Definition: Let $K$ be a (non-Archimedean) local field and $k$ its residue field.
- A Frobenius element of the absolute Galois group $G_K$ is any element of $G_K$ which is a lift of the Frobenius automorphism $x \mapsto x^{|k|}$ in $G_k \simeq G_K/I_K$.
- A Weil representation $\rho$ is called Frobenius-semisimple if $\rho(\Phi)$ is diagonalizable for some Frobenius element $\Phi$ in $G_K$.
Question: If $\rho$ is a Frobenius-semisimple Weil representation why is $\rho(\Phi')$ diagonalizable for any Frobenius element $\Phi'$ in $G_K$?
Attempts:
- I know that the Frobenius element in $G_K$ is unique up to an element in $I_K$, i.e. if $\Phi, \Phi'$ are two Frobenius elements in $G_K$, there exists an element $\sigma \in I_K$ with $\Phi' = \Phi \circ \sigma$.

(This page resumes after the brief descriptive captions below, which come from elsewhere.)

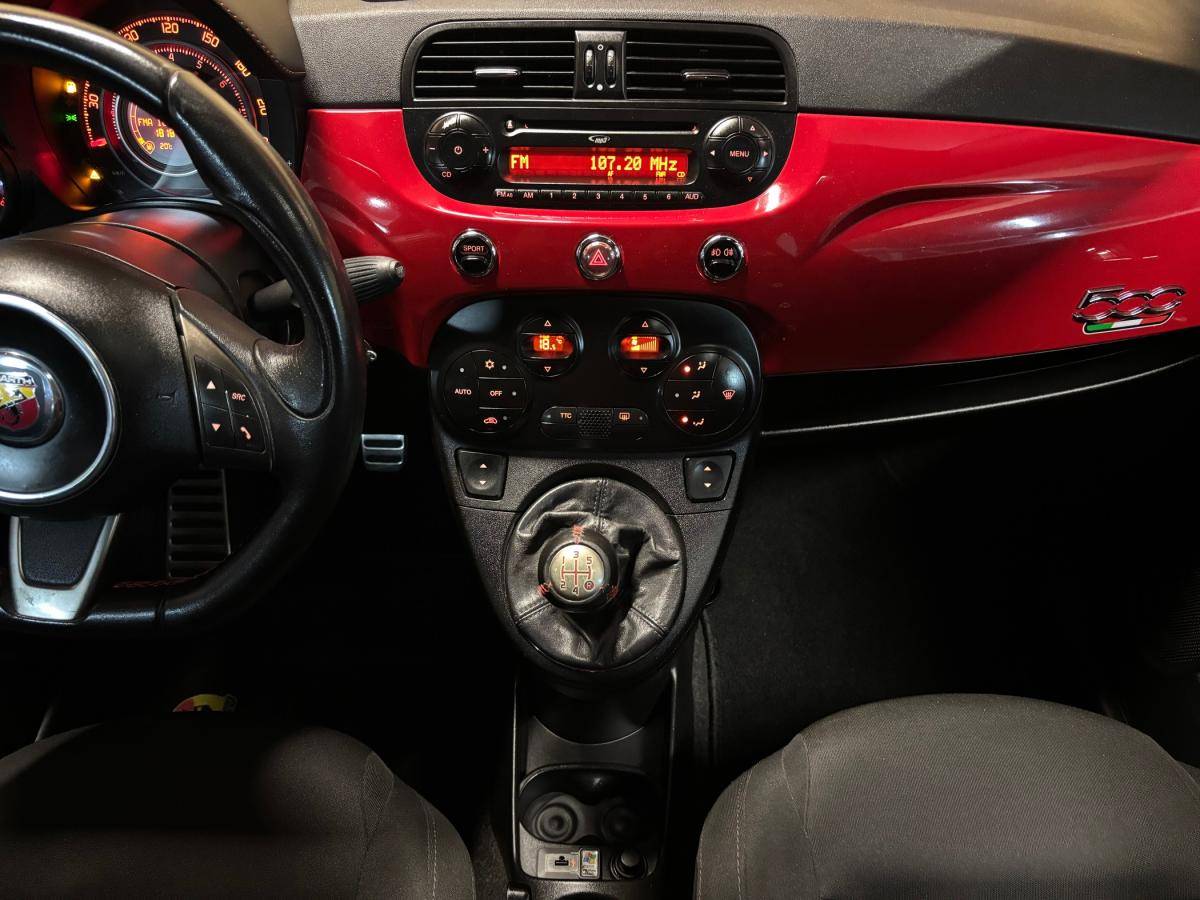 abarth-500-2012-gasolina-1368cc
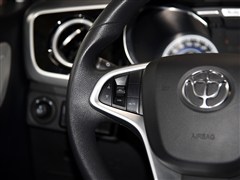 AA,AV3,2015 1.5T ք(dng),пطP(sh)ĈDƬ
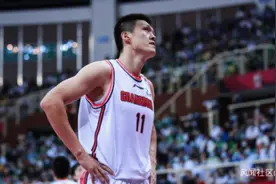 CBA总决赛广东110:103加时战胜辽宁，夺得队史第11冠图片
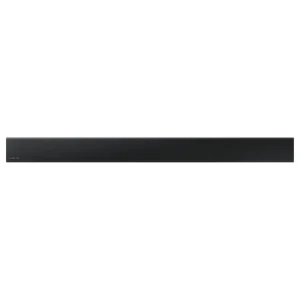 HW-T420 Barre de son 2.1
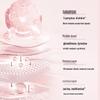 gNPearl Jing Run Pearl Whitening & Spot-Fading Cream
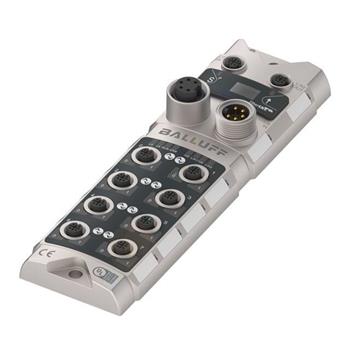 BNI0077 Product Pictures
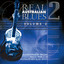 You Gotta Reap cover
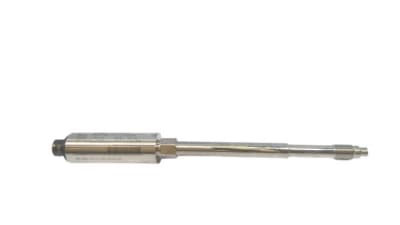 GEFRAN K30-6-M-P05M-1-4-0-I 2130X000X00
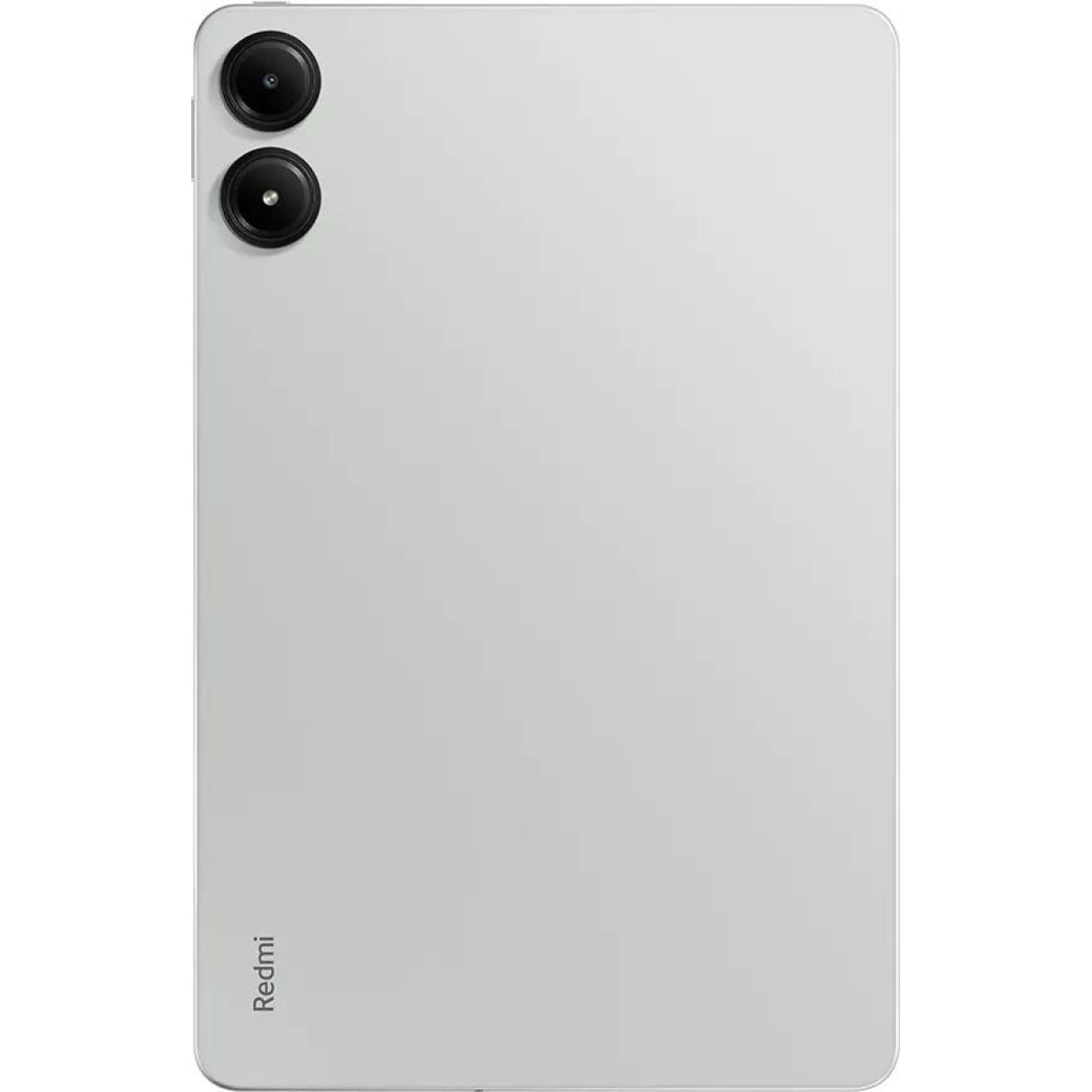 Xiaomi Redmi Pad Pro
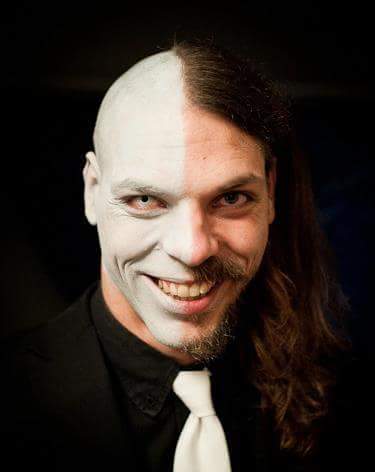 Mikael_Guggenheim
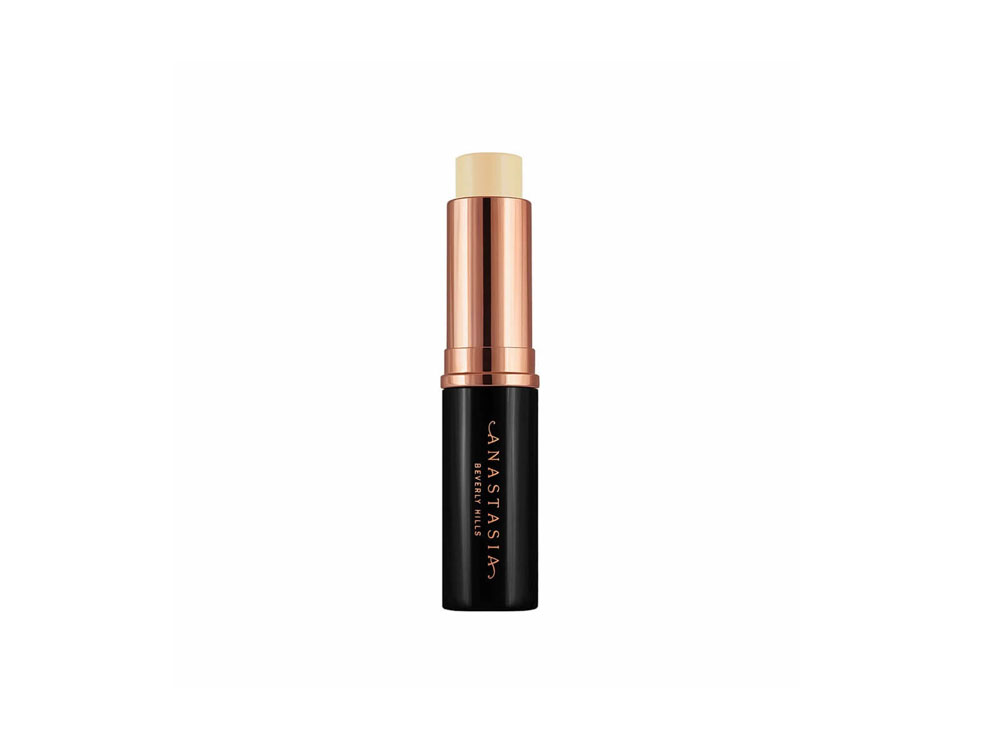 anastasia-beverly-hills-fondotinta-stick-2018-(5)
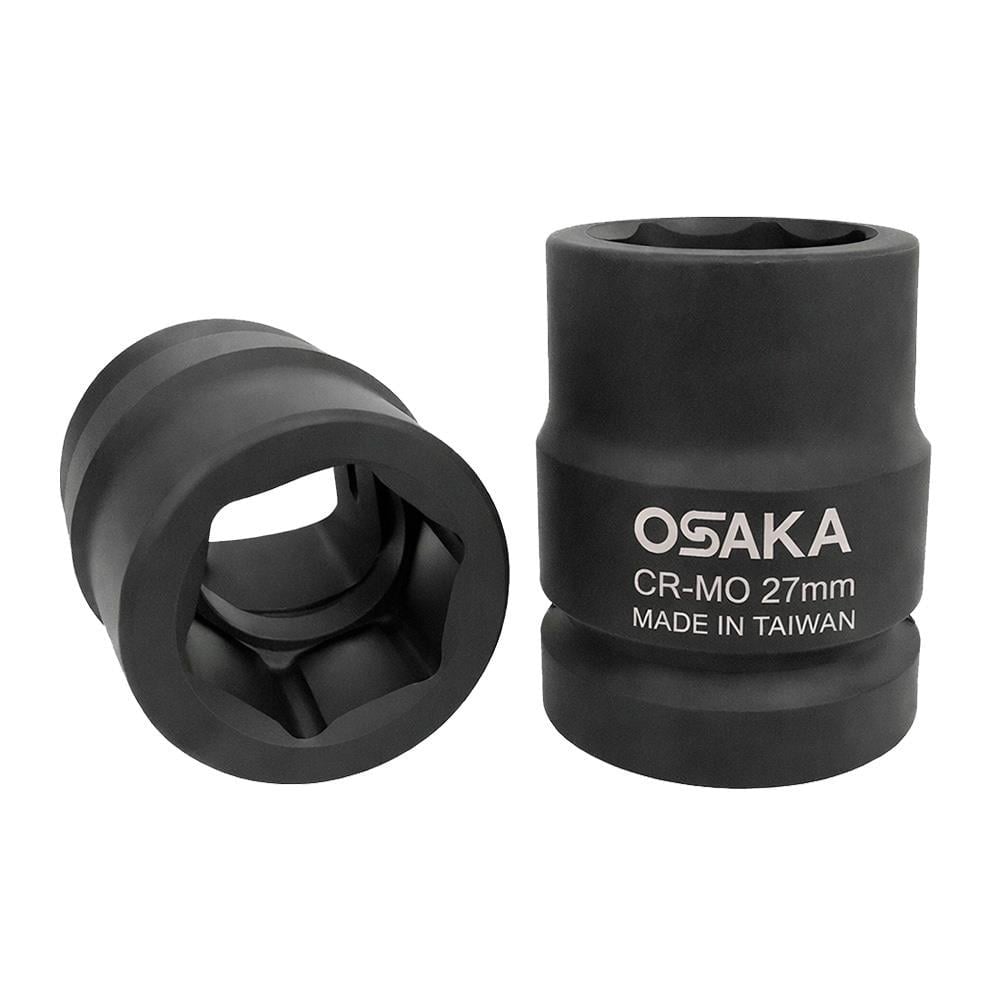 OSAKA 1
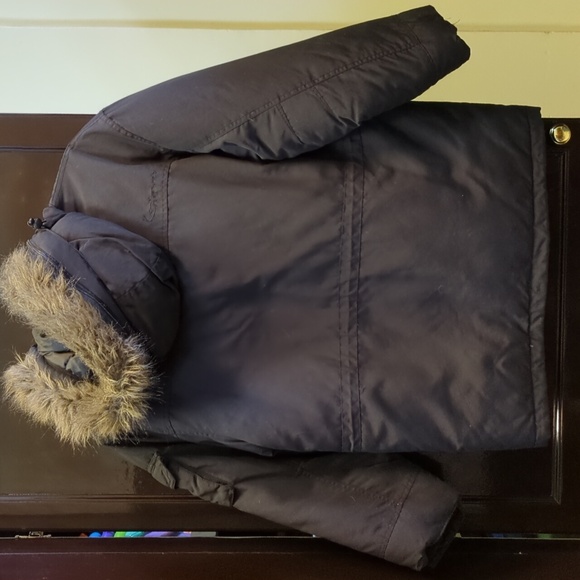 Winter Jack - Picture 2 of 3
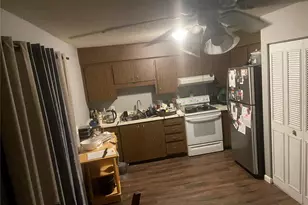 226 Grande Vista St, Debary, FL 32713 - Photo 3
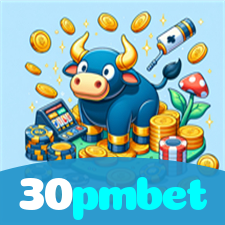 30pmbet visual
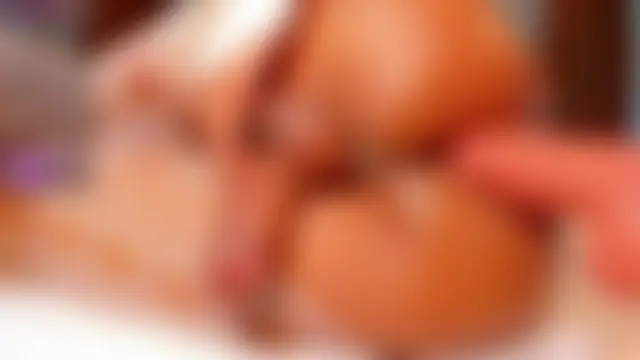 goddesebony's Webcam Show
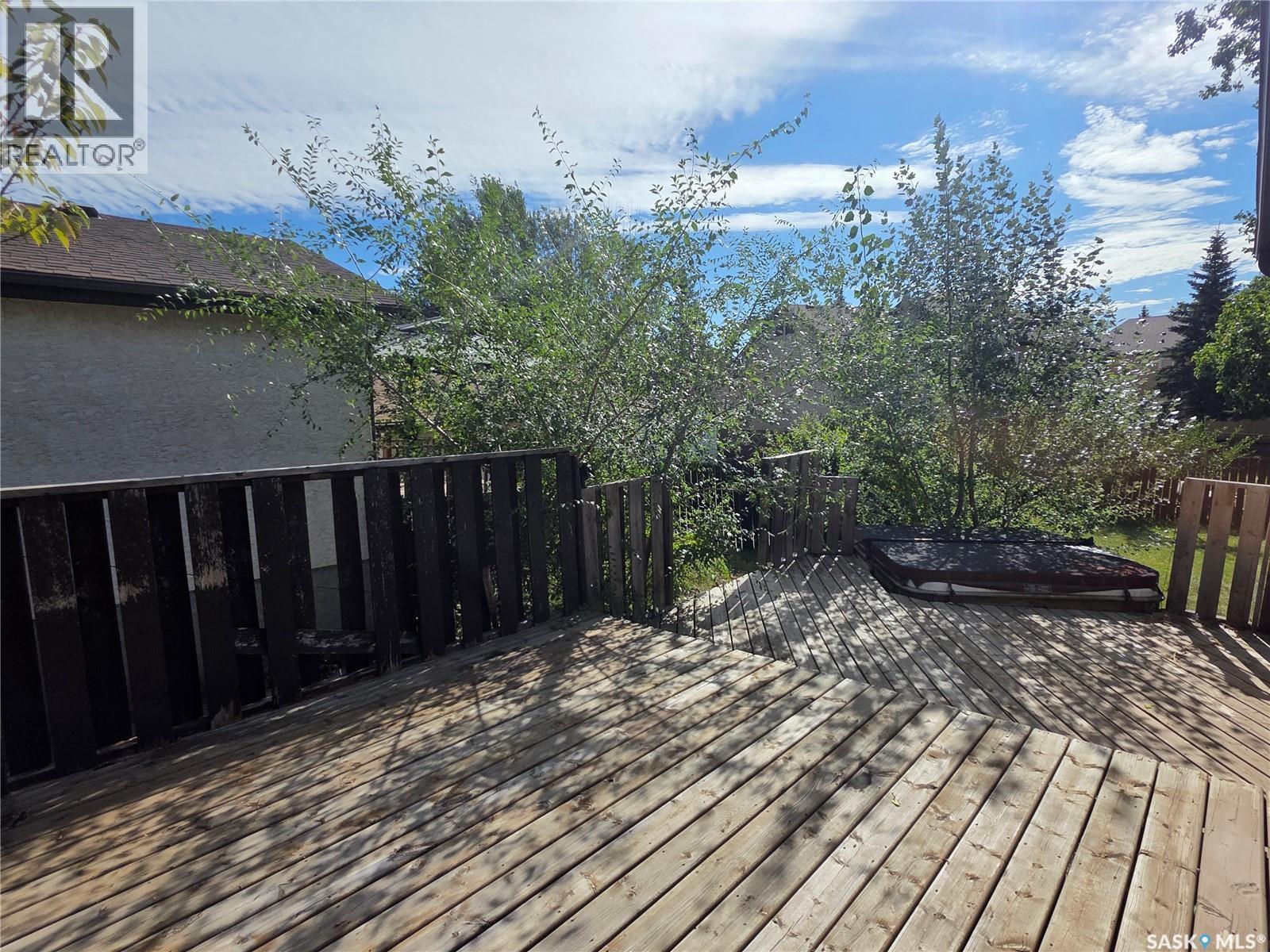 7123 Lanigan Drive, Regina, Saskatchewan  S4X 3Y1 - Photo 33 - SK019971
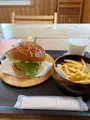 はなこやの写真_694920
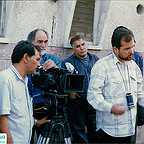  فیلم سینمایی شاهرگ به کارگردانی علی غفاری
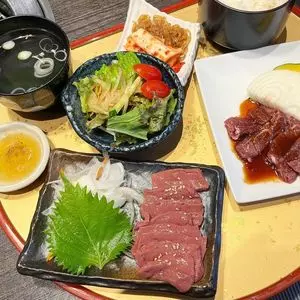 京城苑 千葉ニュータウン店
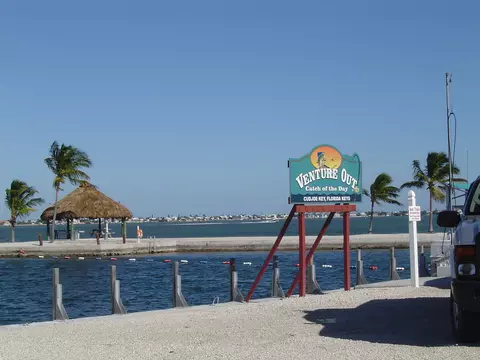 701 Spanish Main Dr #140, Cudjoe Key, FL 33042 photo 42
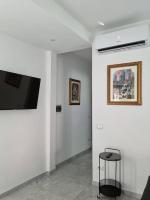 Alloggio Turistico Trastevere - B&B Rome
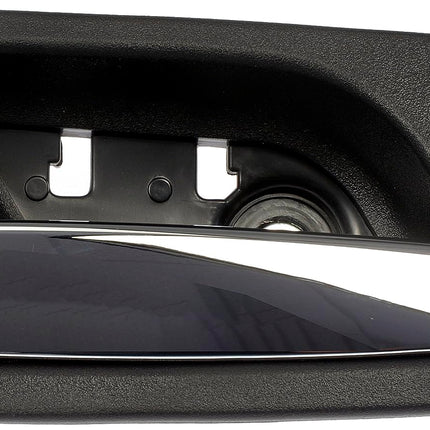 Dorman 81188 Front Driver Side Interior Door Pull 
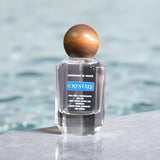Crystals Perfume | Apothecary by Justin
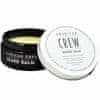 American Crew Beard Balm - balzám pro péči o vousy, 60 g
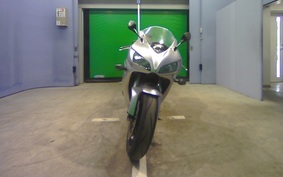 HONDA CBR1000RR 2007 SC57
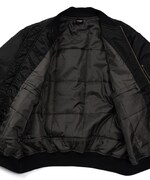 「Cyberpunk: Edgerunners MA-1」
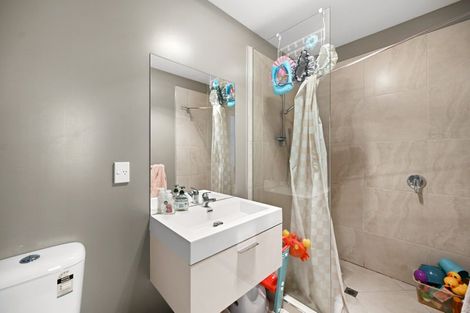 Photo of property in 7 Portland Lane, Chartwell, Hamilton, 3210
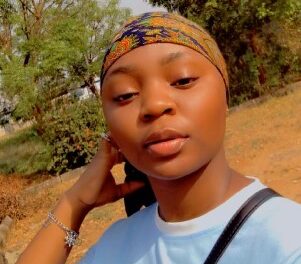 Keep Trying To Date Married Men Until Your Luck Shines – may_auggie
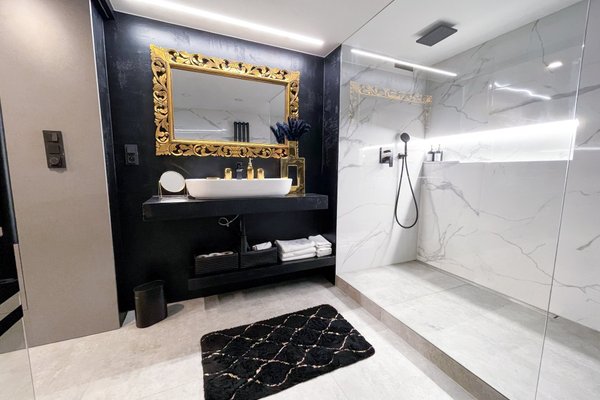 The Factory Loft Prague - náhled 4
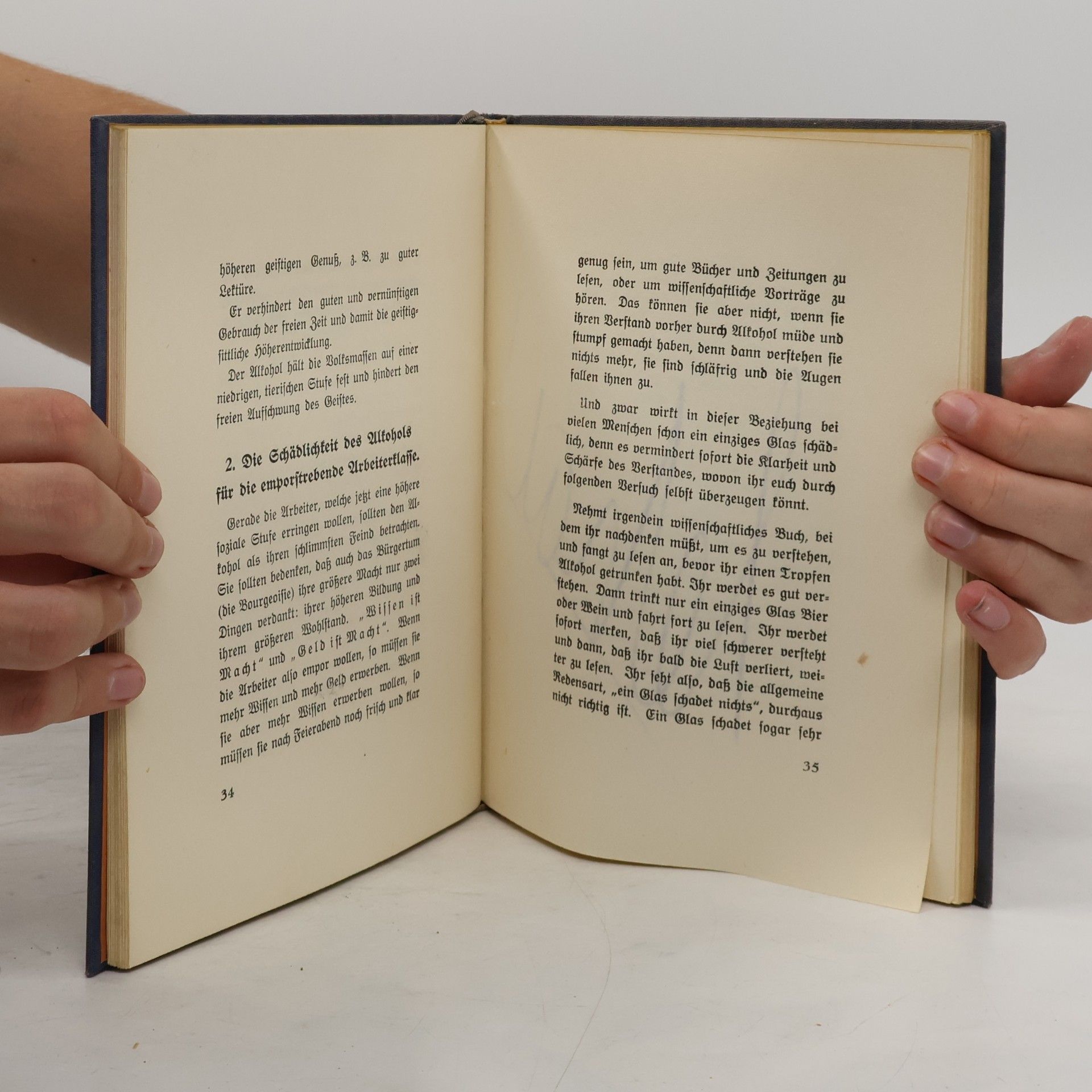 kolektiv Das Goldene Buch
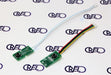 Interruttore Con Scheda On/off Scopa Ariete 2757 2758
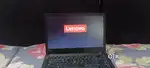 Lenovo T470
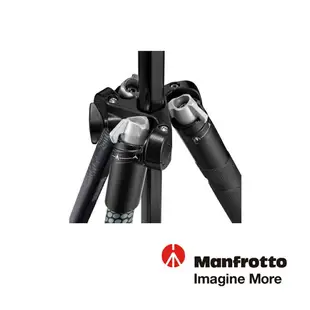 限時★.. Manfrotto 義大利 曼富圖 ELEMENT MII 腳架套組-黑色 MKELMII4BK-BH 正成公司貨【全館點數5倍送】【跨店APP下單最高24%點數!!】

- Let us say that $\rho(\Phi')$ is diagonalizable and $(v_1,\dots,v_n)$ is a basis of the representation space consisting of eigenvectors of $\rho(\Phi')$. The only thing I was able to show with that $(v_1,\dots,v_n)$ is also a basis of eigenvectors of $\rho(\sigma^{-1}\circ \Phi \circ \sigma)$. But this is not helpful since I want to find a basis of eigenvectors for $\Phi$.
Could you please help me with this problem? Thank you!